Desde 1970, el número de años que el estudiante medio de doctorado en biociencias pasa en la escuela de posgrado ha pasado de poco más de cinco años a casi ocho. La producción de expertos está llevando más tiempo, y esos expertos son cada vez menos productivos. En el famoso artículo «Are Ideas Getting Harder to Find?», el economista de la Universidad de Stanford Nicholas Bloom y sus colegas descubrieron que la productividad de la investigación ha disminuido considerablemente en todos los ámbitos desde la década de 1970. Una investigación del académico de la Universidad de Chicago James Evans ha descubierto que, a medida que ha crecido el número de investigadores, el progreso se ha ralentizado en algunos campos, quizá porque los científicos están tan abrumados por el exceso de información que tienen que procesar que se agrupan en torno a los mismos temas seguros y citan los mismos pocos artículos.

Pero en general, los científicos de hoy no pueden realmente especializarse en ciencia, porque muchos de ellos se ven obligados a dedicar al menos un día a la semana a mendigar dinero. En la encuesta de Fast Grants, la mayoría de los encuestados dijeron que dedican «más de una cuarta parte de su tiempo a solicitar subvenciones». Esto es absurdo. Es el colmo de la irracionalidad, del despilfarro o de ambas cosas que el sistema educativo estadounidense se esmere en formar a los científicos para que sean especialistas monjiles, para luego lanzarlos a una carrera armamentística por la escasa financiación que desplaza el trabajo de hacer ciencia.

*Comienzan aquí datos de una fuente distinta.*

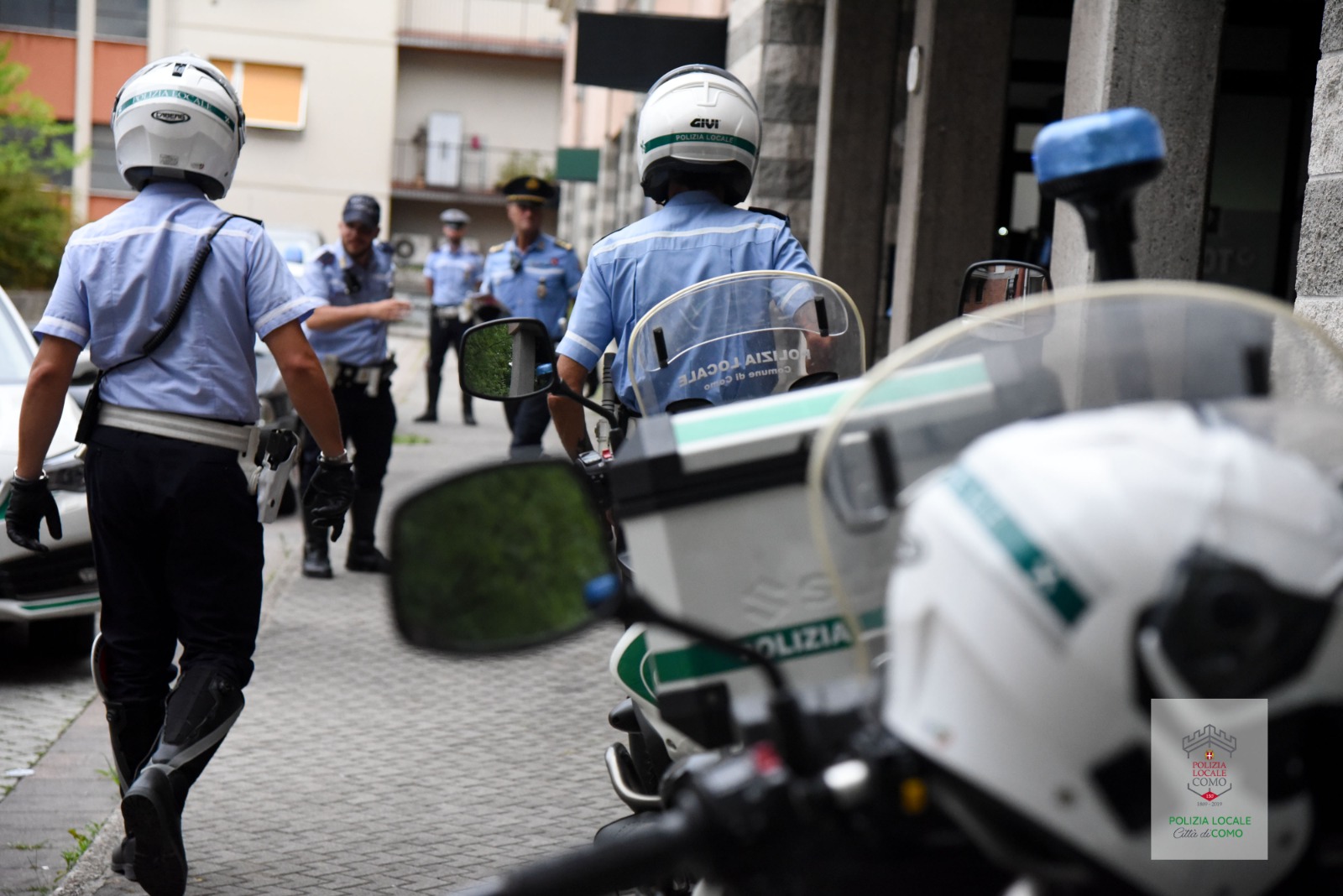 Como: i cani fiutano la marijuana, trovate anche 150 pasticche. Denunciato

Una tercera característica de la ciencia estadounidense es la paradoja de la experimentación: La revolución científica, que todavía inspira la investigación actual, ensalzó las virtudes de los experimentos. Pero nuestras instituciones científicas son extrañamente reacias a ellos. El establishment de investigación creado tras la Segunda Guerra Mundial concentró la financiación científica a nivel federal. Instituciones como los NIH y la NSF financian trabajos maravillosos, pero no son ni ágiles ni innovadoras, y el economista Cowen tuvo la idea de las becas rápidas al observar su lentitud al principio de la pandemia. Muchos reformistas de la ciencia proponen aderezar las cosas con nuevas loterías que ofrezcan lujosas recompensas por los grandes avances, o dar una financiación ilimitada e incondicional a las superestrellas de ciertos ámbitos. «Necesitamos una mejor ciencia de la ciencia», afirma el escritor José Luis Ricón. «El método científico tiene que examinar también la práctica social de la ciencia, y esto debería implicar que los financiadores hagan más experimentos para ver lo que funciona». En otras palabras, deberíamos dejar que florecieran mil iniciativas al estilo de las Fast Grants, hacer un seguimiento de su productividad a largo plazo y determinar si hay mejores formas de financiar el tipo de avances científicos que pueden cambiar el curso de la historia.

Hace cuatrocientos años, la primera revolución científica puso fin a las viejas formas de ver el mundo y dio prioridad a la experimentación frente a la tradición. Hoy nos vendría bien una revolución similar. Los Estados Unidos dependen de un conjunto de agencias científicas -los CDC, la FDA, los NIH y la NSF- que tienen décadas de antigüedad y que, en muchos casos, actúan de acuerdo con su edad. El CDC publica excelentes investigaciones, pero no puede responder rápida y adecuadamente ante una emergencia nacional. La FDA protege a los estadounidenses de algunos productos médicos terribles, pero su proteccionismo también priva a los estadounidenses de algunos productos muy buenos y urgentemente necesarios. Los NIH y la NSF financian muchas investigaciones brillantes, pero su hegemonía sobre la financiación científica hace difícil saber si podríamos hacerlo mucho, mucho mejor.

La ciencia estadounidense necesita más ciencia. Eso significa, sobre todo, que necesitamos más experimentos. No deberíamos depender de las instituciones del siglo XX para guiar el progreso del siglo XXI. La lección de Fast Grants es que no tenemos que hacerlo.